AWS Certified Machine Learning – Specialty — Question 325
A company that operates oil platforms uses drones to photograph locations on oil platforms that are difficult for humans to access to search for corrosion.
Experienced engineers review the photos to determine the severity of corrosion. There can be several corroded areas in a single photo. The engineers determine whether the identified corrosion needs to be fixed immediately, scheduled for future maintenance, or requires no action. The corrosion appears in an average of 0.1% of all photos.
A data science team needs to create a solution that automates the process of reviewing the photos and classifying the need for maintenance.
Which combination of steps will meet these requirements? (Choose three.)
Answer options
- A. Use an object detection algorithm to train a model to identify corrosion areas of a photo.

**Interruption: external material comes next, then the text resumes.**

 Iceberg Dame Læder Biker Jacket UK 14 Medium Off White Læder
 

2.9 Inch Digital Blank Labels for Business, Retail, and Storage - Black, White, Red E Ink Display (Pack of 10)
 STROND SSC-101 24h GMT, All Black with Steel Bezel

- B. Use Amazon Rekognition with label detection on the photos.
- C. Use a k-means clustering algorithm to train a model to classify the severity of corrosion in a photo.
- D. Use an XGBoost algorithm to train a model to classify the severity of corrosion in a photo.

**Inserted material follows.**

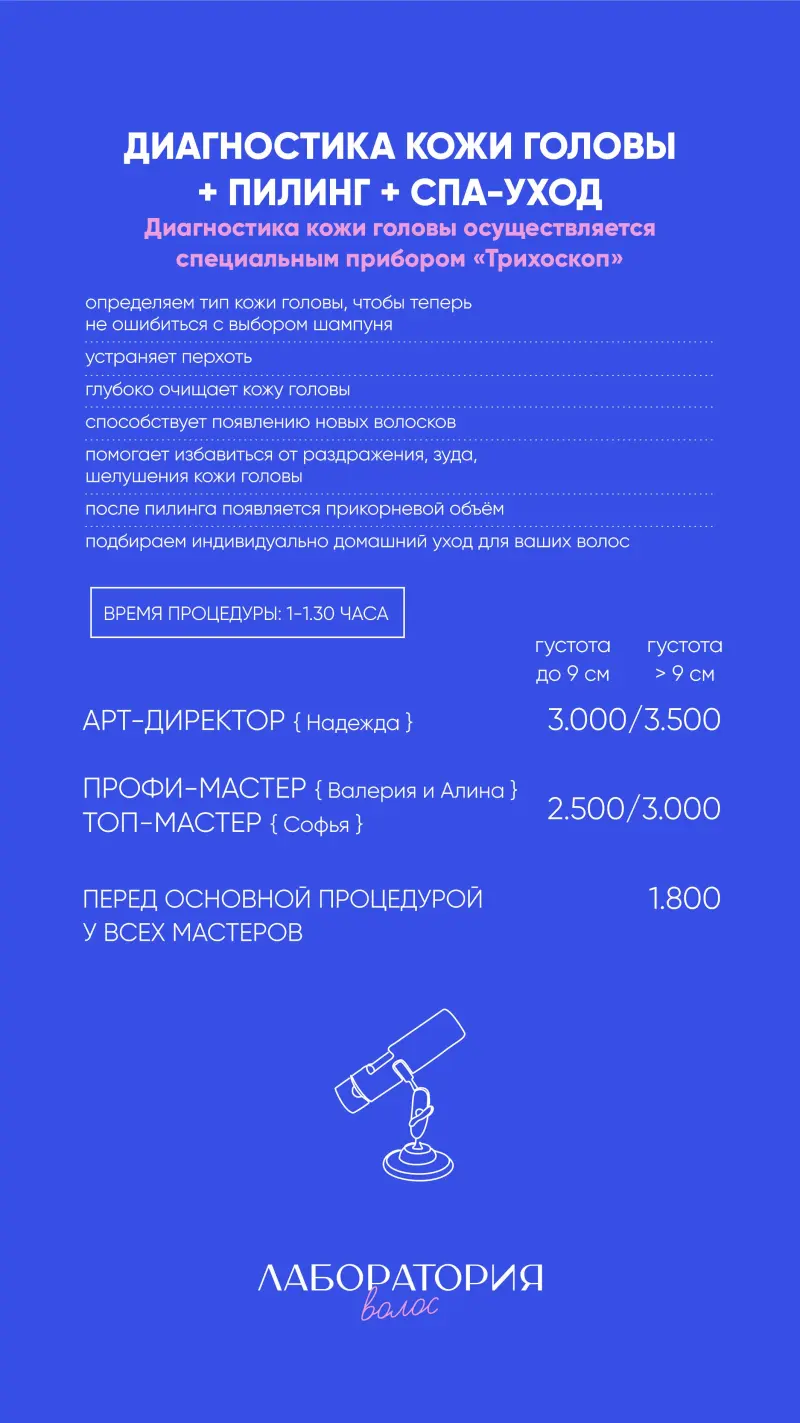 Пилинг и диагностика кожи головы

- E. Perform image augmentation on photos that contain corrosion.
- F. Perform image augmentation on photos that do not contain corrosion.
Correct answer: A, D, E
Explanation
An object detection algorithm (Option A) is necessary to locate and isolate multiple instances of corrosion within a single image. Because corrosion only appears in 0.1% of the images, applying image augmentation to the corrosion-positive images (Option E) is critical to address the extreme class imbalance. Finally, an XGBoost classifier (Option D) can be trained on tabular features extracted from the detected corrosion regions to accurately categorize the severity of the maintenance required.